SQLAlchemy ForeignKey can't find table

Question

Getting this error when I try to instantiate the ConsumerAdvice class.

Foreign key associated with column 'tbConsumerAdvice.ConsumerAdviceCategory_ID' 
could not find table 'tbConsumerAdviceCategories' with which to generate a
foreign key to target column 'ID_ConsumerAdviceCategories'

class ConsumerAdviceCategory(Base):
    __tablename__ = 'tbConsumerAdviceCategories'
    __table_args__ = {'schema':'dbo'}
    ID_ConsumerAdviceCategories = Column(INTEGER, Sequence('idcac'),\
            primary_key=True)
    Name = Column(VARCHAR(50), nullable=False)

    def __init__(self,Name):
        self.Name = Name

    def __repr__(self):
        return "< ConsumerAdviceCategory ('%s') >" % self.Name

class ConsumerAdvice(Base):
    __tablename__ = 'tbConsumerAdvice'
    __table_args__ = {'schema':'dbo'}
    ID_ConsumerAdvice = Column(INTEGER, Sequence('idconsumeradvice'),\
            primary_key=True)
    ConsumerAdviceCategory_ID = Column(INTEGER,\
            ForeignKey('tbConsumerAdviceCategories.ID_ConsumerAdviceCategories'))
    Name = Column(VARCHAR(50), nullable=False)
    Category_SubID = Column(INTEGER)

    ConsumerAdviceCategory = relationship("ConsumerAdviceCategory",\
            backref=backref('ConsumerAdvices'))

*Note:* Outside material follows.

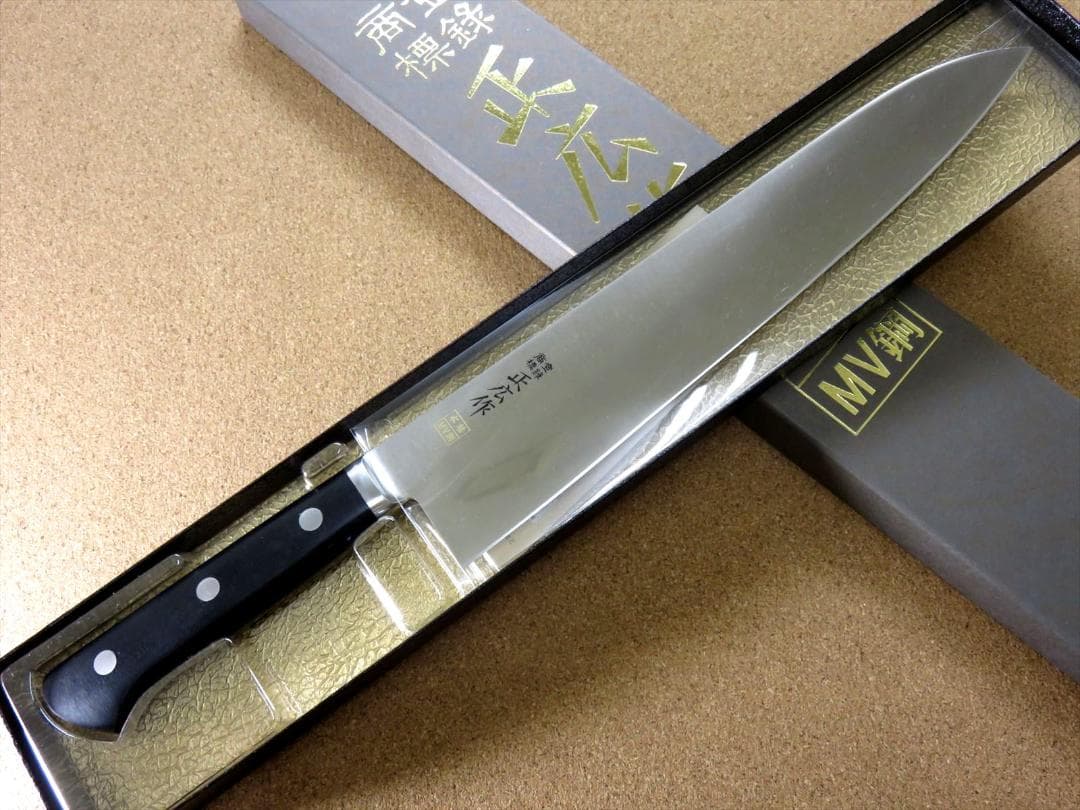 関の刃物 牛刀 300mm 正広 本焼 MV鋼 肉 魚 野菜切り 洋包丁 両刃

    def __init__(self,Name):
        self.Name = Name

    def __repr__(self):
        return "< ConsumerAdvice ('%s') >" % self.Name

Answer 1

I also hit this error. In my case the root cause was that I attempted to define different sqlalchemy base classes:

Base1 = declarative_base(cls=MyBase1)
Base1.query = db_session.query_property()

Base2 = declarative_base(cls=MyBase2)
Base2.query = db_session.query_property()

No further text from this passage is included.